The monthly salaries of workers at a factory are normally distributed with mean 210 pounds and standard deviation 10 pounds. Determine the probability of choosing at random a worker with a salary between 184 and 233 pounds.
We are told that the data set is normally distributed. It has a mean 𝜇 of 210 pounds and a standard deviation 𝛿 of 10 pounds. We’re looking to find the probability of choosing a worker with a salary of between 184 and 233 pounds. If we choose 𝑥 to represent the salary of the worker. We’re trying to find the probability that 𝑥 is greater than 184 and less than 233. And to do this, we’re going to need to find the 𝑧-scores that correspond to 184 and 233.
We use the formula 𝑥 minus 𝜇 over 𝛿. And what this does is it standardizes the data. And it allows us to read probability from a standard normal table, with a mean of zero and a standard deviation of one. If we substitute 184 as 𝑥 in this formula, we get that the 𝑧-value is 184 minus the mean, that’s 210, all over the standard deviation 10. That’s negative 2.6. And for the 𝑥-value of 233, it becomes 233 minus 210, again, over 10, which is 2.3.
So, we can say the probability we’re interested in can be found by finding the probability that 𝑧 is greater than negative 2.6 and less than 2.3. And at this point, let’s consider the shape of the curve made by normally distributed data. It’s this bell shape. It’s completely symmetrical about the mean and the area underneath the curve is one.
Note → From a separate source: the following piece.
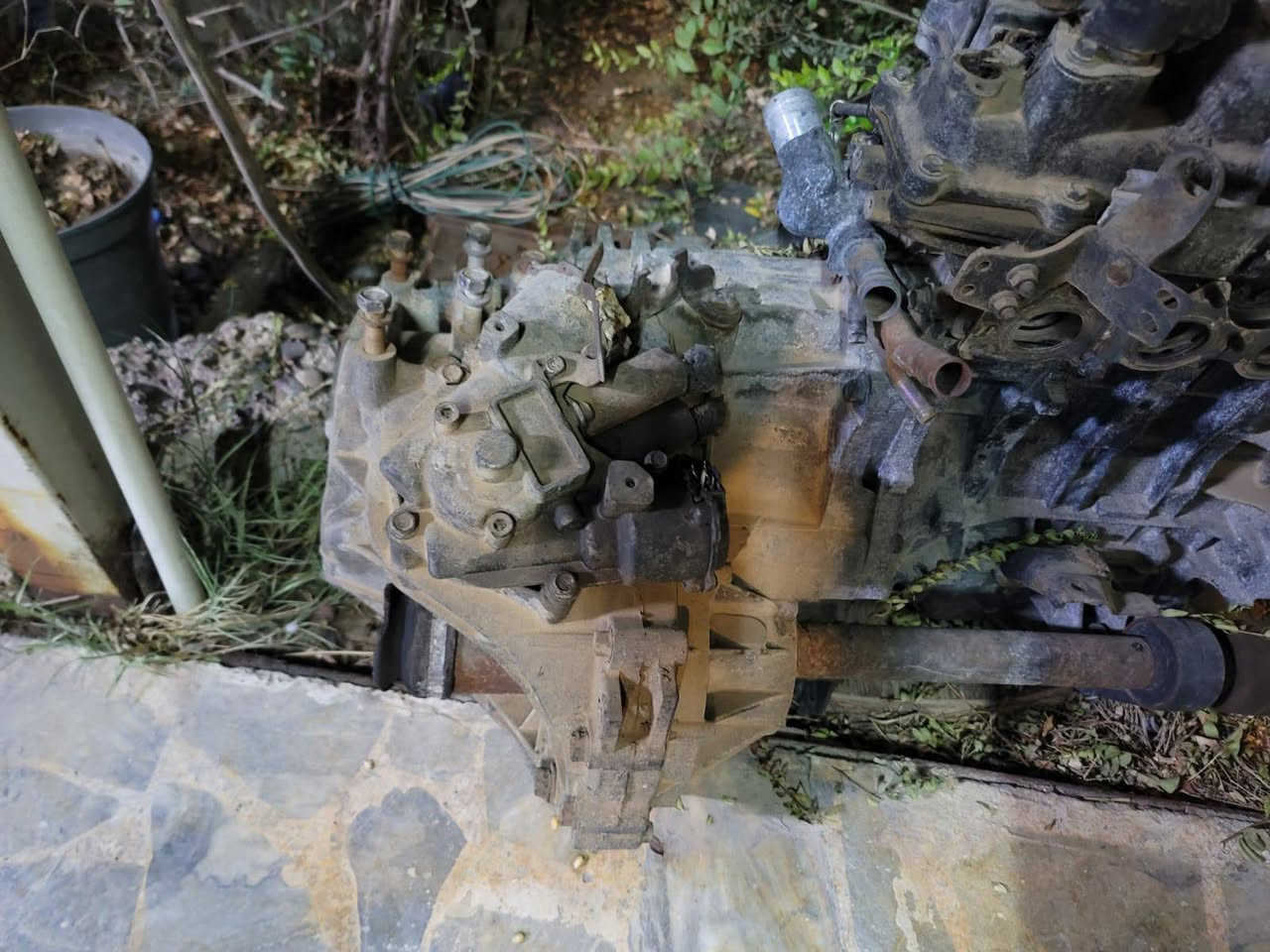 عندي مكينة وكير فورتي جيتي ٢٣ محتركات حرك خفيف شغالات شرط الفحص واني فاحصهن للاستفسار الاتصال ***********
السعر ١٠٠٠ دولار وبيهن مجال بسيط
We need to find the shaded area. And since the probabilities are cumulative, we can say that we can find this by subtracting the probability that 𝑧 is less than negative 2.6, that’s the lower one, from the probability that 𝑧 is less than 2.3. Now the probability that 𝑧 is less than 2.3 can be found by looking up 2.3 in the standard normal table. It’s 0.9893. But the probability that 𝑧 is less than negative 2.6 is a little trickier, since we don’t have negative values in our table.
And this is where the symmetry of the curve’s important. We can see that since the curve is symmetrical about the mean, the probability that 𝑧 is less than negative 2.6 is the same as the probability that 𝑧 is greater than 2.6. But once again we can’t find that probability by looking up 2.6 in the table. The table will tell us the probability that 𝑧 is less than 2.6.
So, instead we use the fact that the area under the curve is one. And we can see that this shaded area can be found by subtracting the probability that 𝑧 is less than 2.6 from one. If we look up a 𝑧-value of 2.6 in this table, that gives us 0.9953. And one minus 0.9953 is 0.0047.
So, the probability that 𝑧 is greater than 2.6 and, therefore, the probability that 𝑧 is less than negative 2.6 is 0.0047. 0.9893 minus 0.0047 is 0.9846. And therefore, the probability of choosing at random a worker with a salary between 184 and 233 pounds is 0.9846.